オゾンの性質|オゾンの特性と化学反応

監修:ミナカタ消毒代表:宮崎圭佑

科学修士(MS)京都大学
京都大学医学研究科人間健康科学専攻修了、一般医療機関勤務、京都大学医学部附属病院研修を経て、ミナカタ消毒株式会社を独立、京都府(乙種)消毒主任責任者

 

この記事ではオゾンの性質についてお話します。皆さんも、オゾン層という言葉を聞いたことがあると思います。オゾンは強い殺菌・脱臭作用を持つ物質で、青臭い独特の臭いを持つ物質です。

実は、オゾンと酸素は兄弟関係にあります。化学的には、オゾンは酸素の同素体で、酸素は酸素原子が2つくっついた分子ですが、オゾンは酸素原子が3つくっついた分子です。オゾンの性質は独特で、様々な分野で利用されています。

オゾンの発見

 

1785年にオランダの科学者Martinus Van Marumnにより開発されました。

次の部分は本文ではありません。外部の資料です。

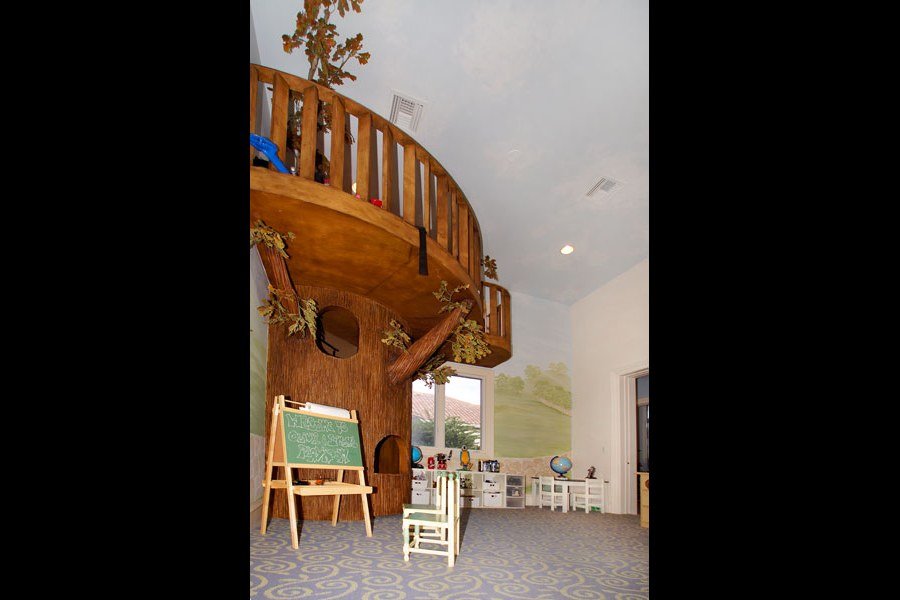 North Wing: Playroom with Children’s Tree house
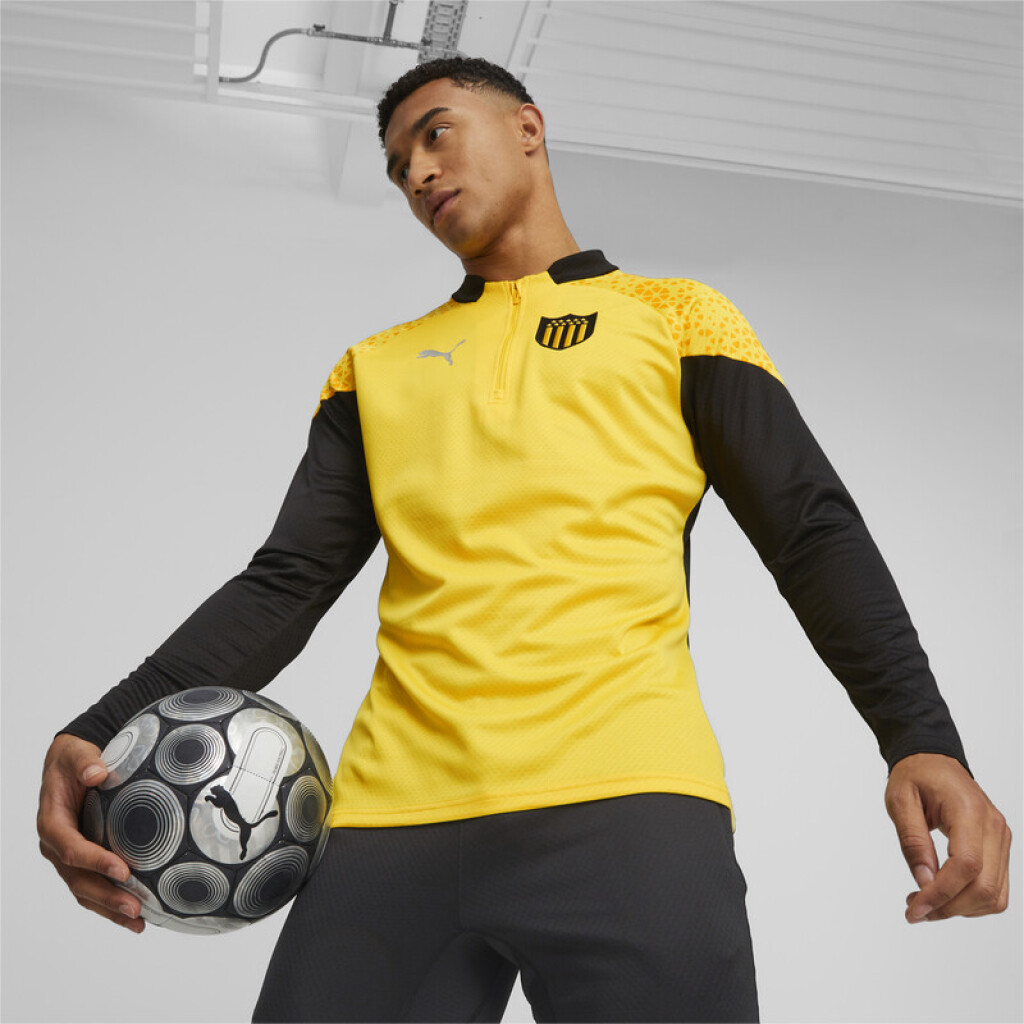 Tienda Puma CAP Facebook ad: Camisetas oficiales, indumentaria de entrenamiento…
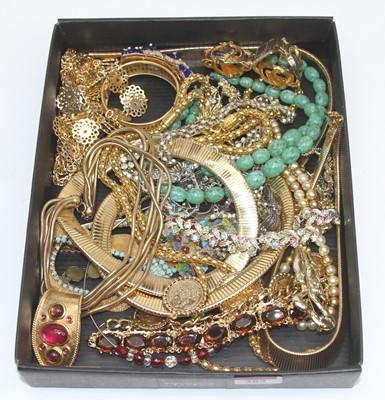 Lot 389 - A box of miscellaneous costume jewellery to...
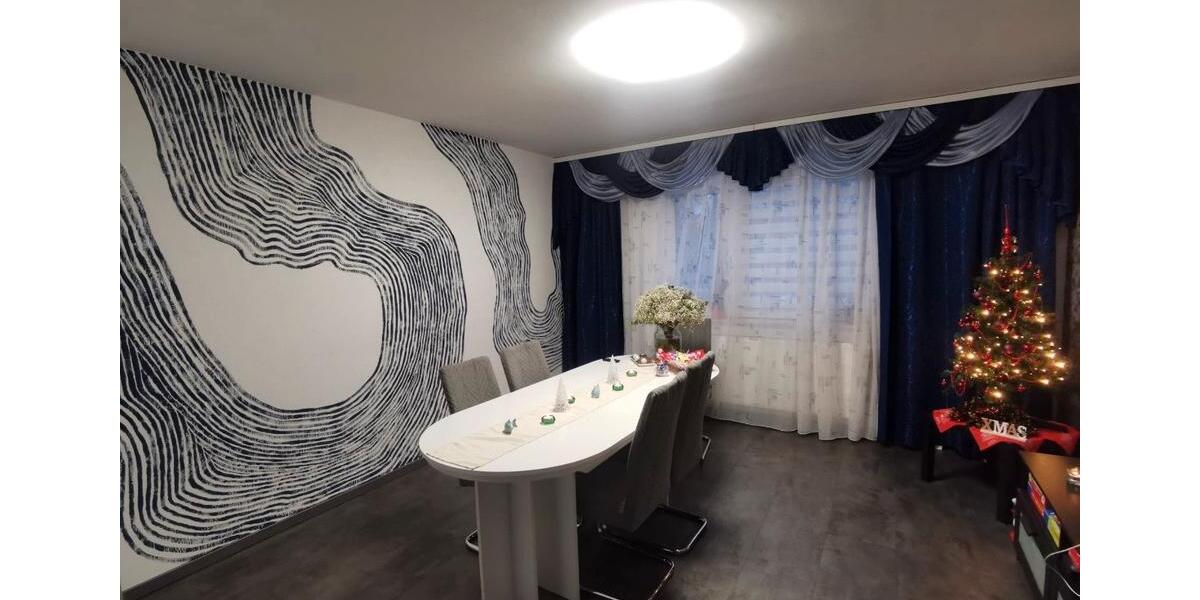 Einfamilienhaus Wuppertal Dönberg - 8 Zimmer, 240 m&sup2;, 700.000&euro; | Angebot:25638728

オゾンは1785年にオランダの科学者Martinus Van Marumnによって発見されました。その55年後、ドイツの化学者であるクリスチアン・シェーンバインにより、このオゾンが酸素から生成されることが発見されました。シェーンバインは雷が独特の臭いを持つオゾンを生じることから、ギリシャ語で「臭い」を意味するozoneと名付けました。

 

オゾンが生成される環境

オゾンの生成反応

 

2 + エネルギー(紫外線、放電など) = O + O(解離した酸素原子)

O2(酸素分子) + O(解離した酸素原子) O3 (オゾン)

※この反応は温度や圧力が増すほど強くなります。

オゾンの特徴的な性質として高い酸化力が挙げられます。紫外線の照射や無声放電など、高いエネルギーにより酸素分子が酸素原子に解離します。その解離した酸素原子と酸素分子との間で生まれるのがオゾンです。またオゾンを水と反応させたオゾン水は高い殺菌作用を持ちます。

紫外線照射

光のエネルギーが大きい短波長の紫外線により、酸素が解離します。その解離した酸素原子と酸素分子が反応してオゾンが生成されます。オゾン層は太陽光により反応生成されたオゾンからなる気相です。

無声放電

高い電圧で加速された電子をぶつけることで、酸素分子を酸素原子に解離させます。そして解離させた酸素原子と酸素分子が反応してオゾンが生成されます。一般的に人工的に作られるオゾン発生器は、この無声放電を利用したものが多いです。

オゾン水

オゾンを水に反応させた水溶液を「オゾン水」と言います。オゾンと水との反応は以下になります。

O3 +H2O+2e−⇒O2+2OH−

このOH−(ヒドロキシラジカル)の強い酸化力が、高い殺菌・ウイルス不活化を可能とします。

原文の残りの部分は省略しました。